An Australian bushman hunts kangaroos with the following weapon - a heavy rock is tied to one end of a light vine of length 2 m, he holds the other end above his head, at a point 2 m above ground level, and swings the rock in a horizontal circle, about his body. The cunning kangaroo has observed that the vine always breaks when the angle, measured between the vertical and the string, is 60°. At what minimum distance from the hunter can the kangaroo stand with no danger of a direct hit?



I understand that this problem is made up of both centripetal acceleration concepts and projectile motion concepts. I can figure out the projectile motion using the formula d = v1(t) + 1/2(a)(t)^2 and sine/cosine/tan. Because the radius of the circle and the length of the vine form a triangle with the "extra" vertical displacement being the opposite side, I used the angles to determine that when the hypotenuse (length of vine) was 2, the radian was cos(30)(2) = 1.73 and the vertical displacement was sin(30)(2) = 1 so the total vertical displacement is 3 metres. This means that the time the projectile is in flight is 0.782 seconds and I just need the horizontal velocity to solve for the horizontal displacement.

Ok, so after that mess :smile: , I know that all I need is the horizontal velocity of the rock the instant that the vine breaks and it is traveling as a projectile. This is where I get confused. The only two forces at work on this system are the force of tension (both vertical and horizontal components) and the force of gravity.

Fgravity = mg
Ftension = ma = mv^2/r

I'm just not sure how to proceed to solve for v...I would really appreciate any suggestions. I don't mind doing the "work", but I just don't know where to start...Thank-you!
 
on Phys.org
Rozy said:
I understand that this problem is made up of both centripetal acceleration concepts and projectile motion concepts. I can figure out the projectile motion using the formula d = v1(t) + 1/2(a)(t)^2 and sine/cosine/tan. Because the radius of the circle and the length of the vine form a triangle with the "extra" vertical displacement being the opposite side, I used the angles to determine that when the hypotenuse (length of vine) was 2, the radian was cos(30)(2) = 1.73 and the vertical displacement was sin(30)(2) = 1 so the total vertical displacement is 3 metres. This means that the time the projectile is in flight is 0.782 seconds and I just need the horizontal velocity to solve for the horizontal displacement.
Sanity check: Does the vine angle up from where its held or does it angle down?

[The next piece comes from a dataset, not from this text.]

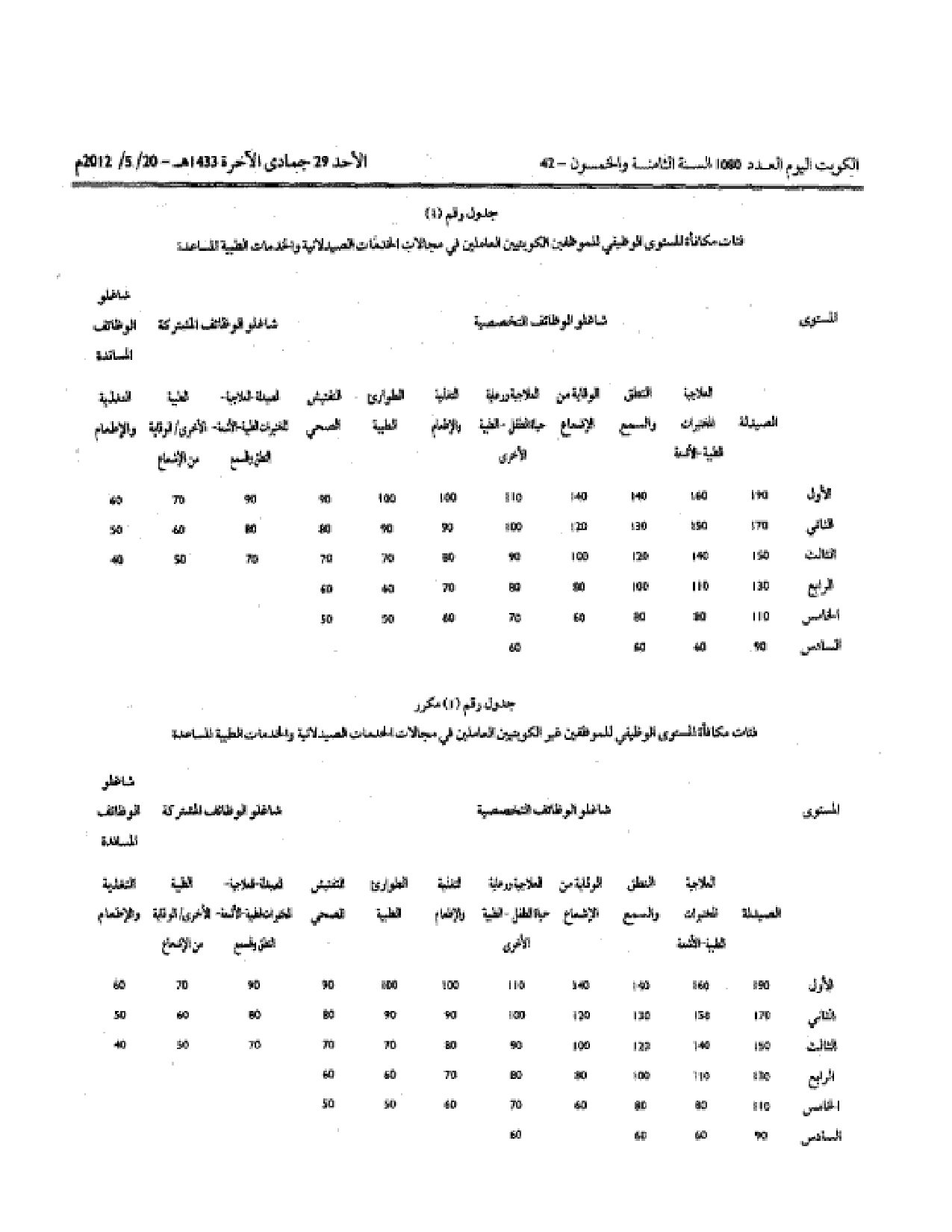 صفحة 2 من 5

Ok, so after that mess :smile: , I know that all I need is the horizontal velocity of the rock the instant that the vine breaks and it is traveling as a projectile. This is where I get confused. The only two forces at work on this system are the force of tension (both vertical and horizontal components) and the force of gravity.

Fgravity = mg
Ftension = ma = mv^2/r
As you said yourself, the force of tension has two components, horizontal and vertical. Vertically, there's no acceleration, so the vertical forces add to zero. Horizontally there's centripetal acceleration; so set the horizontal force equal to ma.

You'll get two equations (horizontal and vertical). Solve them together and you'll find the speed at which the vine breaks.
 
Thank-you!

Thanks you for the "Sanity Check" :smile:

Nothing like a good and :blushing: humiliating assumption problem, eh?

Anyways, the problem was actually incredibly simple once I changed my point of view. Thanx!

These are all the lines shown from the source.